Monday night, in New York’s Flatiron District, Microsoft Research opened its doors to give the world a glimpse of what its data scientists are up to.
Jennifer Chayes, co-founder of the New York lab and managing director at Microsoft Research New England in Cambridge, MA, cut the ribbon last evening for the latest home of Microsoft Research New York City.
The team of data scientists has been in town since 2012, operating at two prior locations before settling in last August at the current digs on Sixth Avenue. “Hopefully we will not move every eight months going forward,” Chayes joked.

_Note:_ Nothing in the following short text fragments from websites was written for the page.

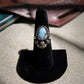 Golden Hill Ring
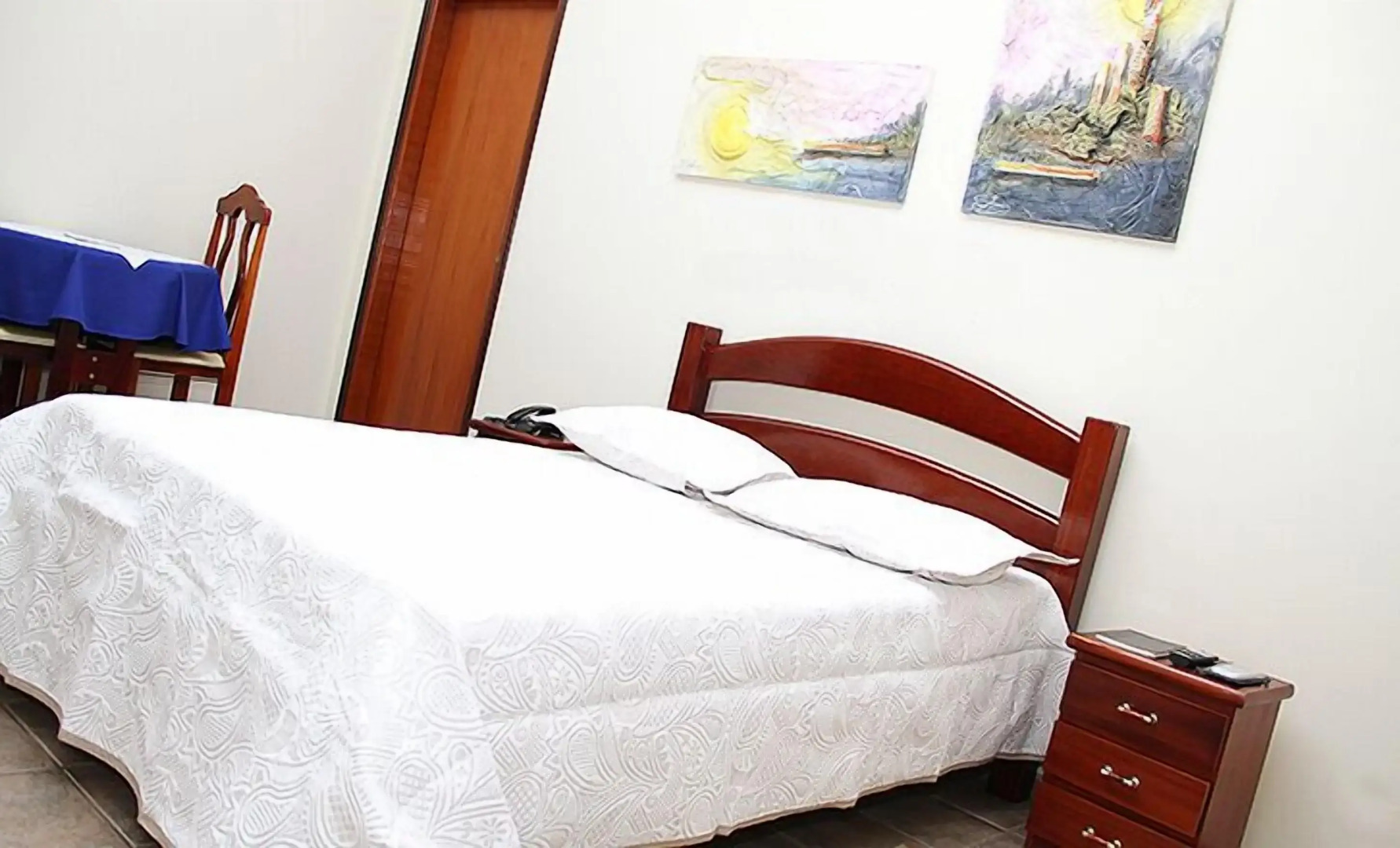 Grandes Lagos Park Hotel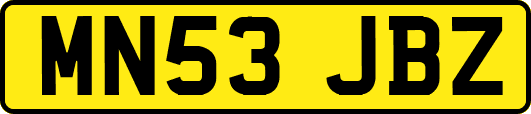 MN53JBZ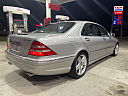 Thumbnail image of 2002 Mercedes-Benz S-Class at Georgia Premier Auto Sales LLC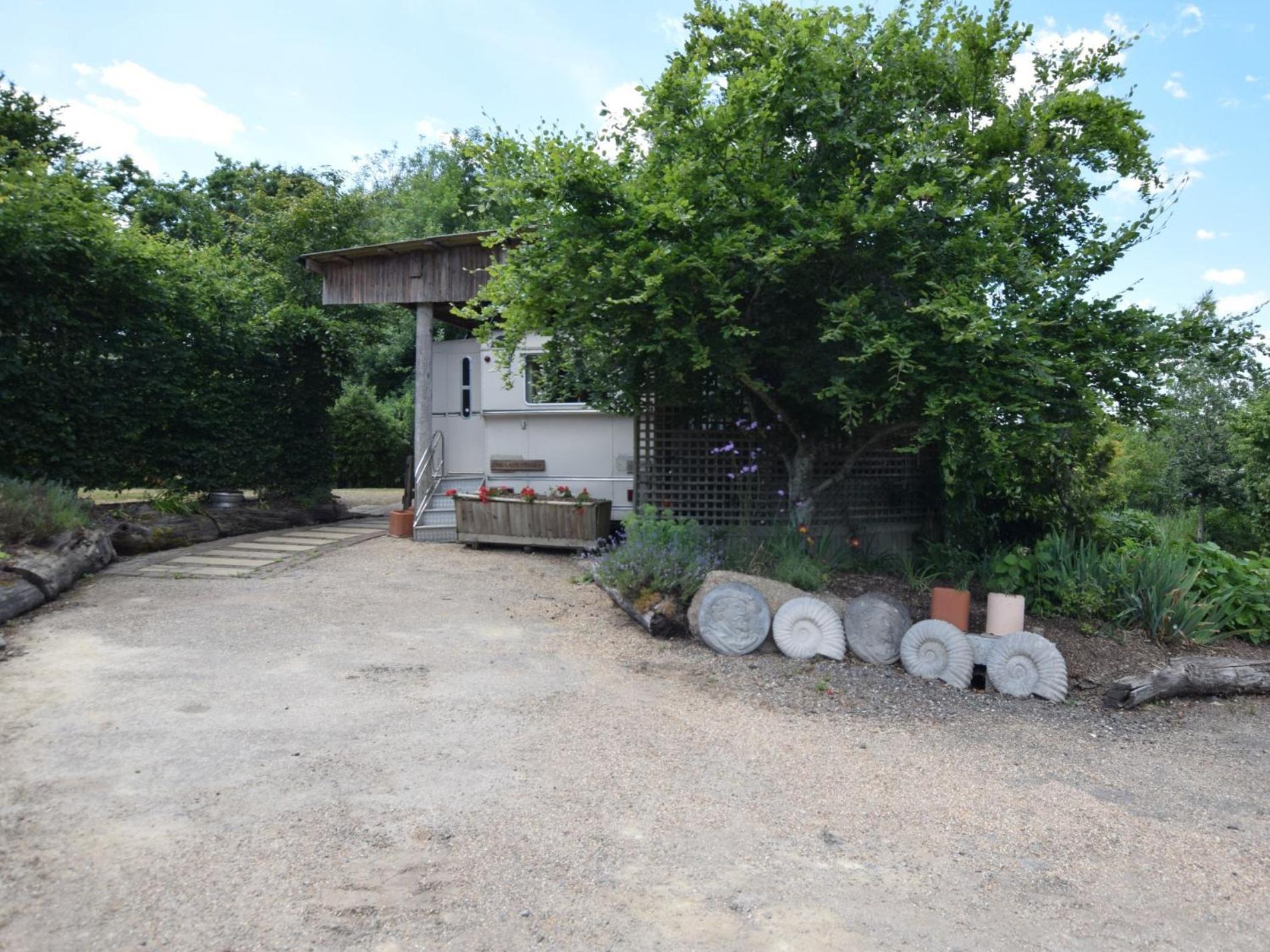 Вілла 1 Bed In Bodiam 51574 Екстер'єр фото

The lab, she said, is part of Microsoft’s ongoing efforts in data-intensive computer sciences, such as machine learning and information retrieval. That research can include collaborations in social sciences, economics, sociology, and other areas. While building up the lab, Microsoft Research has developed connections, Chayes said, with academic institutions including Cornell Tech, NYU’s Center for Urban Science and Progress, and the Institute for Data Science and Engineering at Columbia University.
This summer Microsoft Research plans to run a data science summer school at the new location, she said. The objective is to encourage more people, especially women and underrepresented minorities, to seek data science education.
In addition to finding a more permanent home, the New York team has also expanded. “In the past two years, we’ve more than doubled in size from less than 15 researchers to about 30 researchers,” Chayes said. One of Microsoft’s principal researchers, danah boyd (who prefers a lowercase spelling of her name), has also founded the Data & Society Research Institute in New York to address technology policy questions.
After the ribbon cutting, a series of Microsoft researchers, including bowtie-loving David Rothschild, discussed their work and the changing ways data is being used. Rothschild is known for using data to predict such things as the outcomes of elections, sporting events, and even winners of the Academy Awards.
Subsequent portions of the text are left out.